In North Carolina, the Regional Leadership Collaborative was used to enhance the effectiveness of existing AHEC and CCNC practice facilitators for leading change, mentoring practices, and aligning the activities of practice support organizations.
In Oklahoma, practice facilitators were AHEC employees identified within specific geographic portions of the State. The mini-grants provided an opportunity for three AHEC employees and an individual hired by the Little Dixie Community Action Agency to complete practice facilitation training and certification through the State University of New York at Buffalo’s Millard Fillmore College. Their required field work was supervised by experienced practice facilitators at the University of Oklahoma.

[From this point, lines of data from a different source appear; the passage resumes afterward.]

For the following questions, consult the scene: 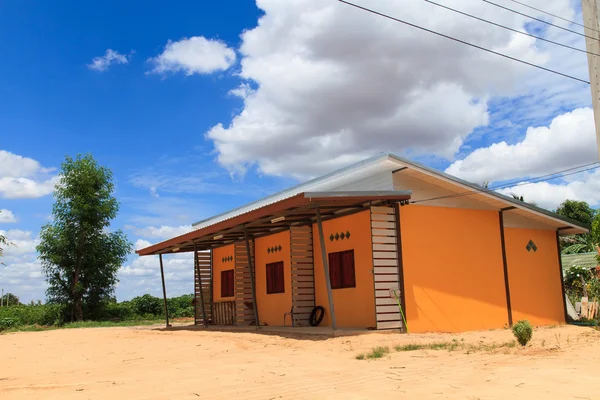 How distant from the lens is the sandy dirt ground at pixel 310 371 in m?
5.94

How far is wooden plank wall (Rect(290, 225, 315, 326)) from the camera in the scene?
14593 mm

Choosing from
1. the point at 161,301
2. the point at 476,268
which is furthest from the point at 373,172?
the point at 161,301

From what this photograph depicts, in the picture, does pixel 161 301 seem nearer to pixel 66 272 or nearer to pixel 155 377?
pixel 66 272

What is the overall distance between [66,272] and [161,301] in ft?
18.5

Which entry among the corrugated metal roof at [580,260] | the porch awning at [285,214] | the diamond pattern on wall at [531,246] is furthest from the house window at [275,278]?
the corrugated metal roof at [580,260]

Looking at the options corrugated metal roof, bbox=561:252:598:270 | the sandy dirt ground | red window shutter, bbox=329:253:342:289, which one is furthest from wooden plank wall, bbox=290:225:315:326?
corrugated metal roof, bbox=561:252:598:270

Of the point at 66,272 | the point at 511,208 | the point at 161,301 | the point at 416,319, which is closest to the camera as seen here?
the point at 416,319

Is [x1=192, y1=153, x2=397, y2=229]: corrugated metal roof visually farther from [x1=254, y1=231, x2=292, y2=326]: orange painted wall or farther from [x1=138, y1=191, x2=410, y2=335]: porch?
[x1=254, y1=231, x2=292, y2=326]: orange painted wall

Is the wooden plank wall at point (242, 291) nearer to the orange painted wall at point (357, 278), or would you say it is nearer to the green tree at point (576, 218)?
the orange painted wall at point (357, 278)

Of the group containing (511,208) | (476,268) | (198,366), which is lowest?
(198,366)

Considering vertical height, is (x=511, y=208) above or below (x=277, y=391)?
above

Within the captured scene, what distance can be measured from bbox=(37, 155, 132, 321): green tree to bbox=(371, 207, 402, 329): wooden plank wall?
62.9ft

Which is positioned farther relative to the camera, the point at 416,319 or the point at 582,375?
the point at 416,319

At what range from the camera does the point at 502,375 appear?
648cm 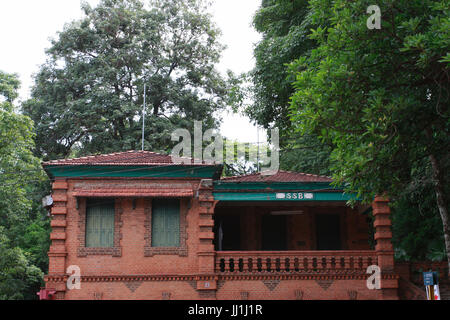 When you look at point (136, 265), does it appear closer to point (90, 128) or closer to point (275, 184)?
point (275, 184)

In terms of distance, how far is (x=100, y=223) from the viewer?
67.9ft

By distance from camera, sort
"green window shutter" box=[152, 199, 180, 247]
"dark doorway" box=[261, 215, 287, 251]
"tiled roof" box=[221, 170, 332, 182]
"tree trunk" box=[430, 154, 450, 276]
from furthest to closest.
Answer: "dark doorway" box=[261, 215, 287, 251] < "tiled roof" box=[221, 170, 332, 182] < "green window shutter" box=[152, 199, 180, 247] < "tree trunk" box=[430, 154, 450, 276]

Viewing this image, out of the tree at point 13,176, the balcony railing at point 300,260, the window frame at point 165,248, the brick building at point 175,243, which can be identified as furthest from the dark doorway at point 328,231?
the tree at point 13,176

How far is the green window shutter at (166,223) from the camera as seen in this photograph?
2062 centimetres

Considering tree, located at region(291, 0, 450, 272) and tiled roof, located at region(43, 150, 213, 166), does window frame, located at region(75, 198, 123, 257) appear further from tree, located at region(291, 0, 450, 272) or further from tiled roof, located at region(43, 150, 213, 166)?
tree, located at region(291, 0, 450, 272)

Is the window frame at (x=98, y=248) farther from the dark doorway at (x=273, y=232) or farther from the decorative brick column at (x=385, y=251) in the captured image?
the decorative brick column at (x=385, y=251)

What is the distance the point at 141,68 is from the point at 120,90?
Result: 1.93 metres

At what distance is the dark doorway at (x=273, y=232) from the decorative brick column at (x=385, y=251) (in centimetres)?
423

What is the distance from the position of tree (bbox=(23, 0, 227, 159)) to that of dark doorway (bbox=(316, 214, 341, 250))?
43.8 feet

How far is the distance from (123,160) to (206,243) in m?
4.45

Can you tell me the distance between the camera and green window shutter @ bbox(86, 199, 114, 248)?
20516 mm

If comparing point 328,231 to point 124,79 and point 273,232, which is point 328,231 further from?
point 124,79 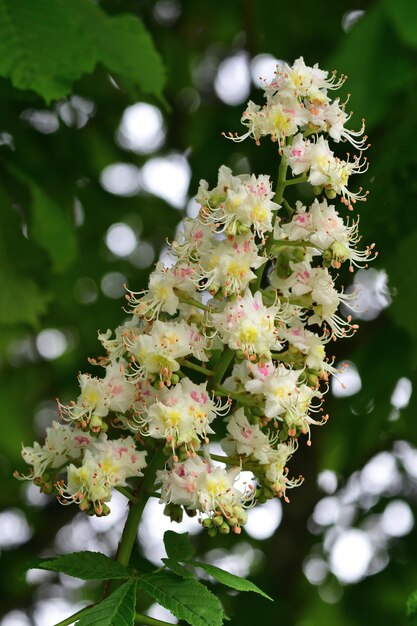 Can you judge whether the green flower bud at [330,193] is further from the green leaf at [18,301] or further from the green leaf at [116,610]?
the green leaf at [18,301]

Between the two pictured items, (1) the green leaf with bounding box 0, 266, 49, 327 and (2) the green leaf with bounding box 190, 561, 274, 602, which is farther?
(1) the green leaf with bounding box 0, 266, 49, 327

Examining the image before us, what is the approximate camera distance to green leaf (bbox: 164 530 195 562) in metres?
1.30

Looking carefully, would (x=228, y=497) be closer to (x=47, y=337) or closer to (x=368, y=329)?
(x=368, y=329)

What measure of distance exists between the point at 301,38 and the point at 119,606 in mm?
2292

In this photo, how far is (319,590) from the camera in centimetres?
371

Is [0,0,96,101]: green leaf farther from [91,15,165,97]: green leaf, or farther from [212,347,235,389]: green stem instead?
[212,347,235,389]: green stem

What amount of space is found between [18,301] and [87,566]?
1.59m

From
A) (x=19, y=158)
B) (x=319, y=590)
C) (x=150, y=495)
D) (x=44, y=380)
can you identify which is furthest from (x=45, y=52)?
(x=319, y=590)

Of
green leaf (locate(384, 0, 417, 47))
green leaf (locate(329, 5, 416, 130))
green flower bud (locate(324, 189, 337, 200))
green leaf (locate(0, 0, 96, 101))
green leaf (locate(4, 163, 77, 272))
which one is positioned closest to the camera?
green flower bud (locate(324, 189, 337, 200))

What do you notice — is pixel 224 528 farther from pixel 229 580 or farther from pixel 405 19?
pixel 405 19

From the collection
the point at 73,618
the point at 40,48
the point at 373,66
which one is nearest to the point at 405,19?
the point at 373,66

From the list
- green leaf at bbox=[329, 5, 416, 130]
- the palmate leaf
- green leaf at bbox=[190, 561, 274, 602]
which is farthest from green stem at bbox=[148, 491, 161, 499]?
green leaf at bbox=[329, 5, 416, 130]

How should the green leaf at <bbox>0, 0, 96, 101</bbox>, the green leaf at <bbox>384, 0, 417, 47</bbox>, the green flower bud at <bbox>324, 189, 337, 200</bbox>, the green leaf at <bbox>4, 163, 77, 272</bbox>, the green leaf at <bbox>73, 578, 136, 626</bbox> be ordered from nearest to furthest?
the green leaf at <bbox>73, 578, 136, 626</bbox> → the green flower bud at <bbox>324, 189, 337, 200</bbox> → the green leaf at <bbox>0, 0, 96, 101</bbox> → the green leaf at <bbox>384, 0, 417, 47</bbox> → the green leaf at <bbox>4, 163, 77, 272</bbox>

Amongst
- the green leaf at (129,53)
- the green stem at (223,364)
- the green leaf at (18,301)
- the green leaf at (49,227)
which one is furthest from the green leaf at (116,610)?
the green leaf at (18,301) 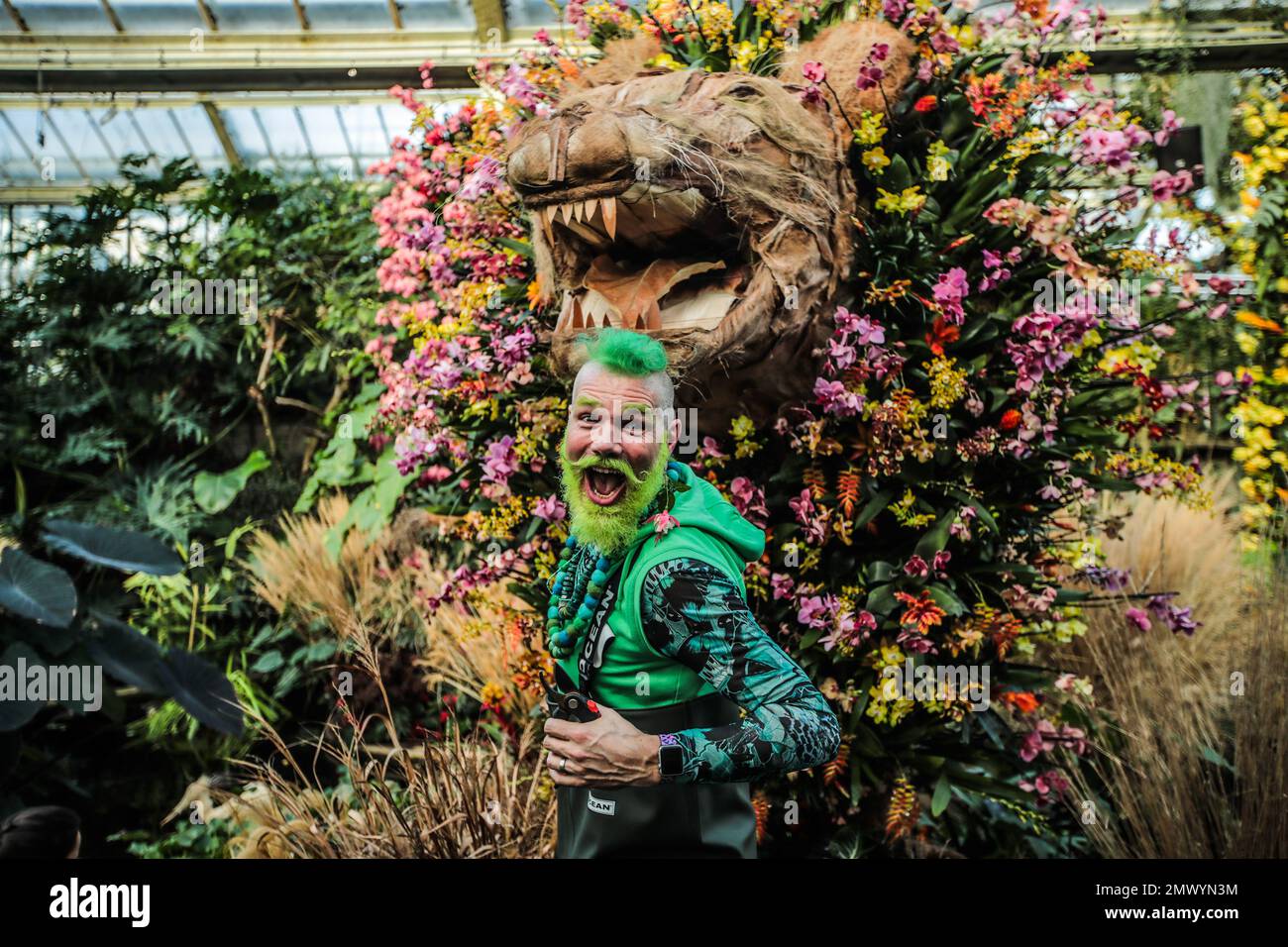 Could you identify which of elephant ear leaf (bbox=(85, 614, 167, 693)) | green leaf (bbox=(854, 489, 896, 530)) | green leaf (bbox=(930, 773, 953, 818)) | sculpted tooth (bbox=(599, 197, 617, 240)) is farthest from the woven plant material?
elephant ear leaf (bbox=(85, 614, 167, 693))

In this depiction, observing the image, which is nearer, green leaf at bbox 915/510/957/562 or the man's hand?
the man's hand

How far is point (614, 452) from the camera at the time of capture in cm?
150

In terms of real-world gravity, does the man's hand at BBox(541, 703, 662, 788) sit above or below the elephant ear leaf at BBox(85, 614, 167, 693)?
above

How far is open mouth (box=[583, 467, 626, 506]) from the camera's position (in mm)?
1522

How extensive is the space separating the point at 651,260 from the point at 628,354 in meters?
0.76

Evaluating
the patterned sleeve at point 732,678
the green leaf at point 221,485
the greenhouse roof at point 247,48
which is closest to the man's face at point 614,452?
the patterned sleeve at point 732,678

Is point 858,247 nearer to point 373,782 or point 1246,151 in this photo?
point 373,782

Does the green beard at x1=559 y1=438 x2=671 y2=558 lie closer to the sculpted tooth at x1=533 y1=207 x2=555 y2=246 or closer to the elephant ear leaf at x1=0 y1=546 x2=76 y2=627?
the sculpted tooth at x1=533 y1=207 x2=555 y2=246

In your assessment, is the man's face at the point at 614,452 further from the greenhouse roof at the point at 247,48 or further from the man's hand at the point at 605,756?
the greenhouse roof at the point at 247,48

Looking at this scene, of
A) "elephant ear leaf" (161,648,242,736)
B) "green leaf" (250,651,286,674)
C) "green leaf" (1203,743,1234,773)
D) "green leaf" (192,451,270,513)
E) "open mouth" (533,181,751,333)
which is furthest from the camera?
"green leaf" (192,451,270,513)

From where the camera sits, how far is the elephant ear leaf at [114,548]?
125 inches

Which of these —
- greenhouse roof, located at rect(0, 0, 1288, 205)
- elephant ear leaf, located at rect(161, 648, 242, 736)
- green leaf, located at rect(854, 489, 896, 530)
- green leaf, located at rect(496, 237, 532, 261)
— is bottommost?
elephant ear leaf, located at rect(161, 648, 242, 736)

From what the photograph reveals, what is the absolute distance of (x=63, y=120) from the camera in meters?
8.29

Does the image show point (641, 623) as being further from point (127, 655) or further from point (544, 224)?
point (127, 655)
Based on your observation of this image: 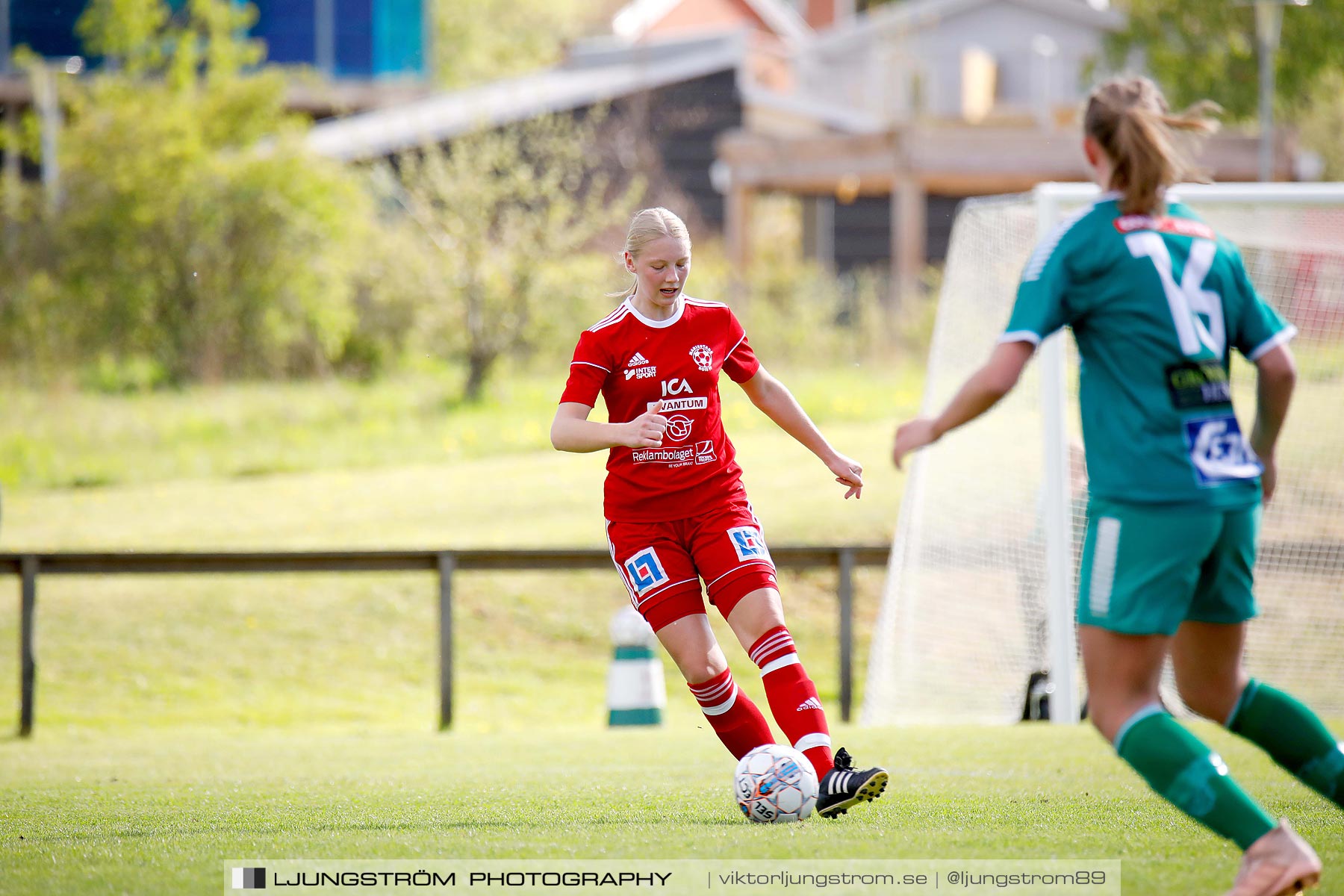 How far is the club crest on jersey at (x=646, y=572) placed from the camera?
493cm

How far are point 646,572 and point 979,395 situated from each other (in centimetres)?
167

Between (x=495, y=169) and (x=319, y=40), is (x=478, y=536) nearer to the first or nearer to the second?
(x=495, y=169)

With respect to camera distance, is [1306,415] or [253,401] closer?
[1306,415]

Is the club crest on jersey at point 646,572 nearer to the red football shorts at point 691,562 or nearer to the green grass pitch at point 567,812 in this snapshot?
the red football shorts at point 691,562

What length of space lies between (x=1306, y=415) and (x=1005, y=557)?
253cm

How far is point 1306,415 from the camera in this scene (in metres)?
11.7

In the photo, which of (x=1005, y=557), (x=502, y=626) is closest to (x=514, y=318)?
(x=502, y=626)

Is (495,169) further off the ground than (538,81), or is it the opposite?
(538,81)

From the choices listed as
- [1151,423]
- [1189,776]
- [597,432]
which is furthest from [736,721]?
[1151,423]

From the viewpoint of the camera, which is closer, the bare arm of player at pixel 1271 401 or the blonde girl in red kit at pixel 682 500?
the bare arm of player at pixel 1271 401

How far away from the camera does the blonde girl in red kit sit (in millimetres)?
Answer: 4871

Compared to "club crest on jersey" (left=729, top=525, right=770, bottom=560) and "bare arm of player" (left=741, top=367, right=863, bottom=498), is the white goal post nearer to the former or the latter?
"bare arm of player" (left=741, top=367, right=863, bottom=498)

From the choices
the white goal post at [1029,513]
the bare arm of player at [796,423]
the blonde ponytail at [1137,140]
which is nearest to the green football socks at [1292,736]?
the blonde ponytail at [1137,140]

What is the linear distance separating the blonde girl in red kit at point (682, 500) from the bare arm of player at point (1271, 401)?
1.39 metres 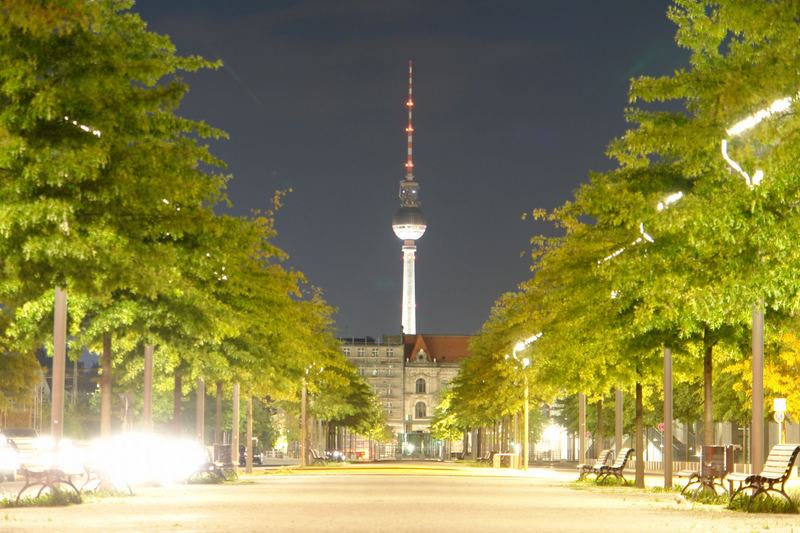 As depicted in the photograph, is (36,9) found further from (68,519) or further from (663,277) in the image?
(663,277)

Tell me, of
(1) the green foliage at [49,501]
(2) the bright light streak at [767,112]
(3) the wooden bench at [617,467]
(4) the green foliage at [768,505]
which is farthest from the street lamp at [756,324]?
(3) the wooden bench at [617,467]

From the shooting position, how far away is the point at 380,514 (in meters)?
25.6

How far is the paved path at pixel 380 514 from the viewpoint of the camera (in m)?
21.8

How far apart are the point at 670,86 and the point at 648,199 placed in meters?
2.11

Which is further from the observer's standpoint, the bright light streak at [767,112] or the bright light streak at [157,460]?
the bright light streak at [157,460]

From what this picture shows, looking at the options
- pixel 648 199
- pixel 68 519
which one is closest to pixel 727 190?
pixel 648 199

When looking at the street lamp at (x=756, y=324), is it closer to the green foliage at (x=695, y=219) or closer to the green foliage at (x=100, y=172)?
the green foliage at (x=695, y=219)

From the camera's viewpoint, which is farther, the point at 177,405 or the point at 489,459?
the point at 489,459

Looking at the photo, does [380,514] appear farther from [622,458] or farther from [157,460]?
[622,458]

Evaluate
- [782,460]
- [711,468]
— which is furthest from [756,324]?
[711,468]

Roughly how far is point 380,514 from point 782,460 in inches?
273

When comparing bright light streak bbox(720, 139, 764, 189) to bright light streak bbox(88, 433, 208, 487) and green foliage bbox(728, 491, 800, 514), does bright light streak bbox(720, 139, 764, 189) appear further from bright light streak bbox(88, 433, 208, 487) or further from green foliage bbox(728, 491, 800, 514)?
bright light streak bbox(88, 433, 208, 487)

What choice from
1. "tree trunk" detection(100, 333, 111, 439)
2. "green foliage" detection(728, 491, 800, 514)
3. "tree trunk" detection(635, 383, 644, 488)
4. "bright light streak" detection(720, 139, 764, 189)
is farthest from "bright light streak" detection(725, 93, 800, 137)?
"tree trunk" detection(635, 383, 644, 488)

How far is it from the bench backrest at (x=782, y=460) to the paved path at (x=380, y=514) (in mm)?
1079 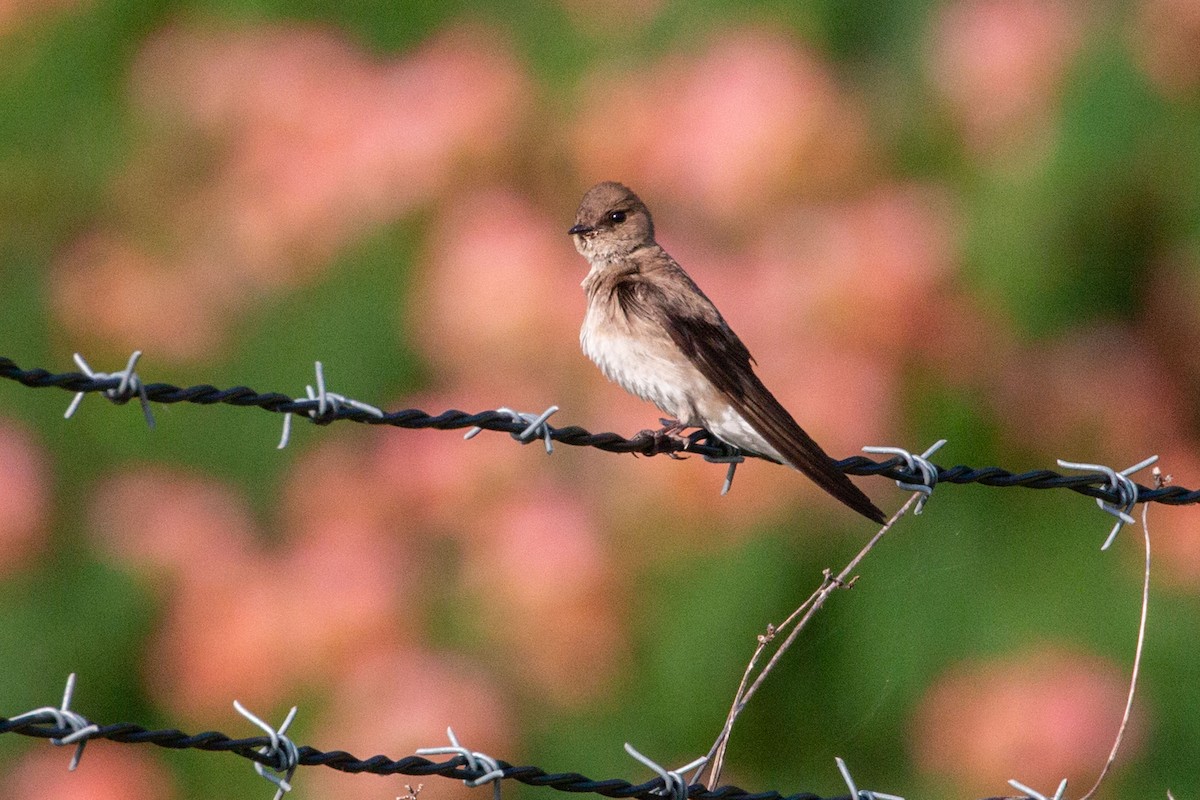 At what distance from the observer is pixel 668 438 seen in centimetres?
559

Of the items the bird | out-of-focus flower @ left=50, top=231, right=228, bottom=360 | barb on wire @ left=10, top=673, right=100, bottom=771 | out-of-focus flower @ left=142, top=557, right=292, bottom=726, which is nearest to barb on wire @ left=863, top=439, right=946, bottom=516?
the bird

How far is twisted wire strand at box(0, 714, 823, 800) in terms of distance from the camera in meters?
3.21

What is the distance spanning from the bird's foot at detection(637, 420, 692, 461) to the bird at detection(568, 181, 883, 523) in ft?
0.04

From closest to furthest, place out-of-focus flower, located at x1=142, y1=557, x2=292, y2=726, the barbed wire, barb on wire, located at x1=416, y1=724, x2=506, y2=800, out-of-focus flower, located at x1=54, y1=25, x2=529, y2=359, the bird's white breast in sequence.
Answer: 1. the barbed wire
2. barb on wire, located at x1=416, y1=724, x2=506, y2=800
3. the bird's white breast
4. out-of-focus flower, located at x1=142, y1=557, x2=292, y2=726
5. out-of-focus flower, located at x1=54, y1=25, x2=529, y2=359

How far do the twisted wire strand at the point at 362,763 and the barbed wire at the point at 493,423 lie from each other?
0.69m

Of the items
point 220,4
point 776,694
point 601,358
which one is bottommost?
point 776,694

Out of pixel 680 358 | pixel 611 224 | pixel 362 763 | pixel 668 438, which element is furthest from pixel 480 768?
pixel 611 224

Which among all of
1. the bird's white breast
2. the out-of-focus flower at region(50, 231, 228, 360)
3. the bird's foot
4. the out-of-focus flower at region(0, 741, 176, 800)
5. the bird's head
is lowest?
the out-of-focus flower at region(0, 741, 176, 800)

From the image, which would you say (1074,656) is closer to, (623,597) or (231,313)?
(623,597)

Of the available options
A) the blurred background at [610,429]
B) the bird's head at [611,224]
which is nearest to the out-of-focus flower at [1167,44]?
the blurred background at [610,429]

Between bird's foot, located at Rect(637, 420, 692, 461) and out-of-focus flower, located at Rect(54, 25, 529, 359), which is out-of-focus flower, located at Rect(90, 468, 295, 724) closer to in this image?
out-of-focus flower, located at Rect(54, 25, 529, 359)

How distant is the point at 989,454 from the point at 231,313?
197 inches

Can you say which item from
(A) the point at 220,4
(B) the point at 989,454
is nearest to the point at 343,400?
(B) the point at 989,454

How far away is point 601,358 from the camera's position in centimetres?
598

Pennsylvania also chose AHEC staff to function as practice facilitators because of their strong relationships with primary care practices in their regions and their understanding of the contextual factors unique to each region. Two regional Pennsylvania AHEC directors were trained as learning collaborative practice facilitators. PA SPREAD developed and tested a practice 2.5-day facilitator training program that focused on five core competencies: 1) clinical knowledge, 2) QI methodology, 3) practice facilitation, 4) communications, and 5) information management. They also created an ongoing statewide Practice Facilitator Forum to foster networking and learning among practice facilitators working for numerous organizations across the State.
Table 1 summarizes IMPaCT practice participation, stakeholder partnerships, and products, along with certification efforts. The type of PCMH recognition or other certification initiatives or programs that was of interest to practices varied. Systematic results on clinical improvements are not available from this set of grants. However, the IMPaCT learning collaboratives in North Carolina and Pennsylvania saw improvements on some clinical measures in some practices. For example, in Pennsylvania, learning collaborative participants improved diabetes process and outcome measures. By 12 months after the learning collaborative was established, both blood pressure and low-density lipoprotein cholesterol levels were significantly lower.